À la place, sa campagne a fortement promu le soutien de l'ancienne congressiste conservatrice Liz Cheney. Non seulement cette alliance n'a pas réussi à séduire suffisamment de modérés des États pivotants, elle a également contribué à aliéner un nombre significatif d'électeurs de base démocrates - où Harris était déjà faible, un autre héritage de son rôle dans l'administration Biden, notamment en ce qui concerne le mécontentement face au soutien américain à l'offensive israélienne à Gaza. Un exemple : Trump, avec l'aide de la candidate du Parti Vert Jill Stein, a battu Harris de six points à Dearborn, au Michigan, où il y a une majorité américaine arabe. comparativement à Biden, elle a également perdu du terrain auprès des jeunes électeurs. Rachel Janfaza, journaliste et consultante spécialisée dans le vote des jeunes, avait signalé une ligne de faille de genre à l'avance. "Si elle gagne, ce sera en grande partie grâce à l'aide de jeunes femmes qui estiment que leurs droits et leurs corps sont en jeu", m'a dit Janfaza. "Il y a un élément de peur associé à cela qui n'est pas présent pour les jeunes hommes." En plus d'attirer des électeurs masculins plus jeunes, Trump a également fait des percées avec les hommes noirs et latinos.

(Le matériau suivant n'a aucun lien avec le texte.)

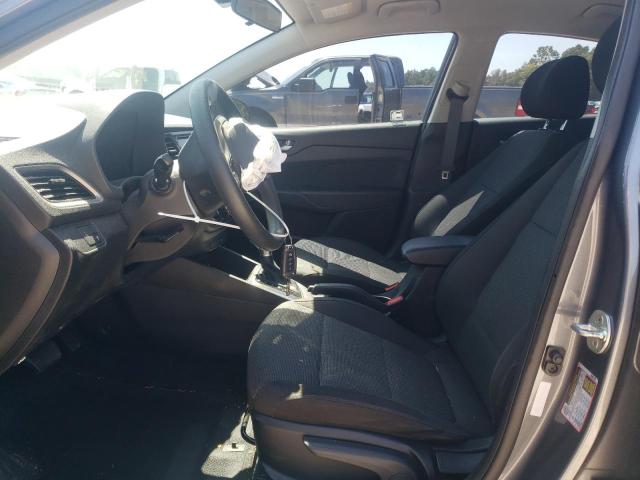 3KPC24A32JE011940 - 2018 HYUNDAI ACCENT SE GRAY photo 7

Alors que les tendances douloureuses s'accumulaient le soir des élections, le quartier général de campagne de Harris à Wilmington, dans le Delaware, est resté largement silencieux pendant plusieurs heures. Vers 23 heures mardi, la directrice de campagne Jen O’Malley Dillon a envoyé une note au personnel, qui a rapidement été divulguée, tentant de décrire un chemin étroit restant vers la victoire à travers les États du mur bleu de Pennsylvanie, du Michigan et du Wisconsin. Au lever du soleil mercredi matin, le mur s'était complètement écroulé. Trump, qui a promis de construire un mur très différent, avait encore gagné. Harris et son équipe ont travaillé épuisamment lors d'une course de 107 jours, pour se demander en fin de compte si le prochain président cherchera à les poursuivre.